Monday, January 18, 2010

Barron's Round Table.

Each year Barron's magazine publishes a three part round table series where they interview some of the "wise old men and women" of the investment business. It is usually early in January and published serially later in the month. Along with their prognostications and picks for the coming year, Barron's also  gives the performance of the stocks recommended by the participants from last year. We published a review of how they did last year.  Here is a link to that post:  Barrons 2009 Round Table Review  Here is how they did this year.

Collectively as a group last year they made 83 specific recommendations.  On a collective basis these returned 43.78% which handily beat the S&P 500's 26.5% return.  However, it is not clear to me whether some of the investments sited in this article could have been purchased by the average investor.  For example Felix Zulauf last year recommended the purchase of crude oil.  That investment would have returned 71.3%.  However it's pretty hard for the average investor to buy crude and the ETF which tracks oil (USO) has a pretty poor record of tracking the commodity.  Mark Faber had the most picks (29) and the best performance-up 77.46%.  He also used the most ETFs A third of his picks were specific asian companies that would have been hard for the average investor to duplicate.  Bill Gross outperformed by suggesting only bonds or bond ETFs-which are his firm's speciality.

What did stand out for me was the diversity of investments away from classic portfolio stock selection.  Close to half of the managers interviewed last year used ETFs.

Four of the ten managers underperformed the market.  (Scott Black, Abby Joseph Cohen, Archie MacAllaster & Oscar Schafer)   MacAllaster also significantly underperformed the market in 2008.  Gabelli returned over 29% but on a risk adjusted basis may have done no better than the market given the nature of some of his holdings. 

While I haven't seen the final numbers yet for 2009, a simple review of the charts shows that an investor at the beginning of 2010 who would have put 100% of his money equally into two ETFs-the S&P Spyder {SPY} & the Nasdaq 100 composite {QQQQ}-would have returned just under 40% last year.  Only three of the 10 managers reviewed by Barrons beat that number.  Again both Zulauf and Faber did so by investing in ways that may not be able to be replicated by most investors.  Faber however would have still outperformed. 

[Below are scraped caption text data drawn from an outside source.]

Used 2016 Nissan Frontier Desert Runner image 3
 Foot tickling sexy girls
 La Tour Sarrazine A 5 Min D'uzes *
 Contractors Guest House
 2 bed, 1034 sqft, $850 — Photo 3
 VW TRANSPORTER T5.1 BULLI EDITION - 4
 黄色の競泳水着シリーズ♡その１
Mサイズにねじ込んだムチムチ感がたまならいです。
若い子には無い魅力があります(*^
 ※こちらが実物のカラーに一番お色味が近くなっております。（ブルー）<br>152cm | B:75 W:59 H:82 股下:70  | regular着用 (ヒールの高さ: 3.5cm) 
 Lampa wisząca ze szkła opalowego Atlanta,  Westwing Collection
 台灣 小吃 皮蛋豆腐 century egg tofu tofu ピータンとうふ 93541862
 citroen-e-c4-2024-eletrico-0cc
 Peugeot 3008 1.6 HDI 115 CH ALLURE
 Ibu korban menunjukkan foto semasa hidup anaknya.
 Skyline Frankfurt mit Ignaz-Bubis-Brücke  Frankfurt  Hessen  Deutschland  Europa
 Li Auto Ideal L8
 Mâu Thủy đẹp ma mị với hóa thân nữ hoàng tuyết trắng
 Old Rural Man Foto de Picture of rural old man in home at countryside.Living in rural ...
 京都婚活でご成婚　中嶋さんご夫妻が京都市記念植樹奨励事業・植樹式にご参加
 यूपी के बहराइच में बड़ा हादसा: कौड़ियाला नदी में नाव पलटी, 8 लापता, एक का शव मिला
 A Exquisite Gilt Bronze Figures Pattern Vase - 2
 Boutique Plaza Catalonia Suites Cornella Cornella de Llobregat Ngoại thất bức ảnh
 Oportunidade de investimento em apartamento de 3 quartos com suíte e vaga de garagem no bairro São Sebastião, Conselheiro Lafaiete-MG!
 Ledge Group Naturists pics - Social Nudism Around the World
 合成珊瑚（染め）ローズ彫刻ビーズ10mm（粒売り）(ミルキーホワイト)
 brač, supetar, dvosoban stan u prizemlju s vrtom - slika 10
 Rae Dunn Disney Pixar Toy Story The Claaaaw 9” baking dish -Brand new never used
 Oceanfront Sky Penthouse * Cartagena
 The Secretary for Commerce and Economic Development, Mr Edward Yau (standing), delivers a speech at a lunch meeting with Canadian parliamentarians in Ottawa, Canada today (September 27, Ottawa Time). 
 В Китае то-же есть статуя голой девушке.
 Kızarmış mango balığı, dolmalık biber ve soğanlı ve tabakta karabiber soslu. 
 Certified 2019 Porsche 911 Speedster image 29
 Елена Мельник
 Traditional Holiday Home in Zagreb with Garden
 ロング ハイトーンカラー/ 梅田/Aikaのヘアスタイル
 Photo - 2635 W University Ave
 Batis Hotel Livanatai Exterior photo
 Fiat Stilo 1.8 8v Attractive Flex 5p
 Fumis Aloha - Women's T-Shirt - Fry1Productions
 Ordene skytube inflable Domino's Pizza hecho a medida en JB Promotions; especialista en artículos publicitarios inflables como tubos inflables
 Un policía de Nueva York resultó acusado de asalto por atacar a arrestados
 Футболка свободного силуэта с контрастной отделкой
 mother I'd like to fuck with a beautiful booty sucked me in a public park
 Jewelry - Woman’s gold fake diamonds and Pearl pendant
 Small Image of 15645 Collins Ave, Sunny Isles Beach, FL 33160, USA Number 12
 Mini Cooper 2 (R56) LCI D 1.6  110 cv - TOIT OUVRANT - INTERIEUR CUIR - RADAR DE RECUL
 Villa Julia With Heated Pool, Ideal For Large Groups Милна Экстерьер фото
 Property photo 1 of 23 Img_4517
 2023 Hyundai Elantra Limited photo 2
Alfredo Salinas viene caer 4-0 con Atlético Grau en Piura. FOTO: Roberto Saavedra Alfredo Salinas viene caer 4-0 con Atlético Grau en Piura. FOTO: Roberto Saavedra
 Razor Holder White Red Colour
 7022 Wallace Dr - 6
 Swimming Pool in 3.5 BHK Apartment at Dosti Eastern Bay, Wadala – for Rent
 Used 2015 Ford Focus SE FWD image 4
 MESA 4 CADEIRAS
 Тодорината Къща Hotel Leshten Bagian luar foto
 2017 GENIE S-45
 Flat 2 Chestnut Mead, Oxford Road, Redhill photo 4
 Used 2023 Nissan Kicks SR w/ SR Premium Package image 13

Again like last year I would point out that collectively these managers employ at least hundreds of people many of whom do nothing each day but analyse securities.  Most can probably call companies up on the phone and speak to somebody pretty high in the chain of command about business. They still for the most part did no better than a simple ETF strategy.

*Long ETFs related to the Nasdaq 100, Nasdaq Composite and S&P 500 in client and certain personal accounts.